Le nouveau président iranien, Ebrahim Raissi, s’exprime lors de sa cérémonie d’assermentation au parlement iranien, dans la capitale Téhéran, le 5 août 2021. (Crédit : Atta Kenare/AFP)

En 2018, le président américain de l’époque, Donald Trump, a retiré les États-Unis de l’accord et a commencé à réimposer des sanctions, incitant l’Iran à revenir sur ses engagements.

L’administration Biden a cherché à revenir à l’accord, et les négociations qui ont lieu à Vienne depuis avril 2021 visent à relancer l’accord en levant à nouveau les sanctions contre l’Iran en échange d’une nouvelle réduction par Téhéran de ses activités nucléaires.
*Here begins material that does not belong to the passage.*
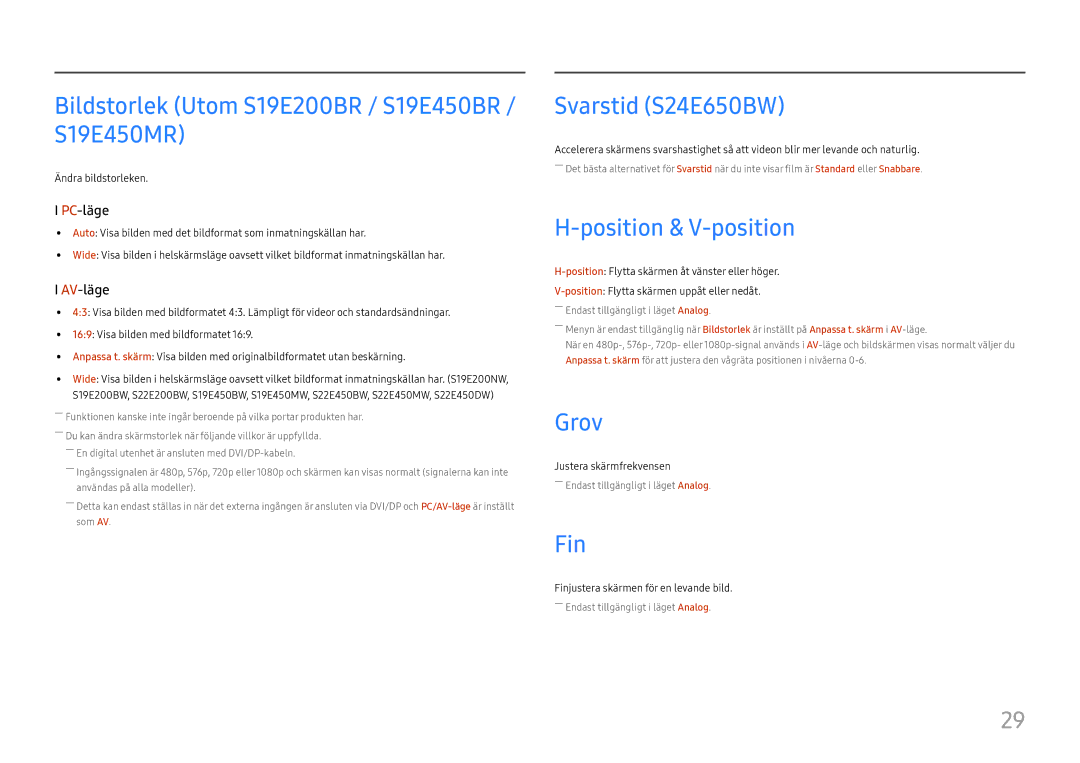 Samsung LS27E45KDHC/XE Bildstorlek Utom S19E200BR / S19E450BR / S19E450MR, Svarstid S24E650BW, Position & V-position, Grov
Le mois dernier, les médiateurs européens ont semblé progresser dans les négociations, l’Iran ayant largement accepté une proposition de texte final. Leurs espoirs ont été anéantis lorsque l’Iran a exigé à nouveau que l’AIEA mette fin à trois enquêtes en cours sur ses activités nucléaires non déclarées.

« Cette dernière demande soulève de sérieux doutes quant aux intentions et à l’engagement de l’Iran en faveur d’une issue positive du JCPOA », ont déclaré la France, l’Allemagne et la Grande-Bretagne.

« Malheureusement, l’Iran a choisi de ne pas saisir cette occasion diplomatique cruciale », ont-ils ajouté, précisant qu' »au lieu de cela, l’Iran continue d’intensifier son programme nucléaire bien au-delà de toute justification civile plausible ».

L’Iran a qualifié cette déclaration de « non constructive » et de « regrettable ».

Un haut responsable israélien a prédit dimanche qu’il n’y aurait pas de retour sur l’accord nucléaire avant les élections de mi-mandat de novembre aux États-Unis.

Les négociations nucléaires avec l’Iran sont « dans l’impasse » et aucune percée n’est à attendre à court terme, a déclaré mercredi à l’AFP le chef de la diplomatie européenne Josep Borrell.

Le président iranien Ebrahim Raissi assistera à l’Assemblée générale des Nations unies à New York la semaine prochaine. Guterres a déclaré mercredi qu’il s’attendait à rencontrer Raissi à cette occasion et a ajouté qu’il était « évident » que les deux hommes discuteraient de la situation des droits de l’Homme en Iran et des négociations nucléaires.

Le briefing de mercredi de Guterres a principalement porté sur la guerre en Ukraine, le dérèglement climatique et les crises alimentaire et énergétique qui y sont liées. Le secrétaire général est récemment rentré du Pakistan, qui a été dévasté par des inondations, et s’est entretenu avec le président russe Vladimir Poutine plus tôt dans la journée de mercredi.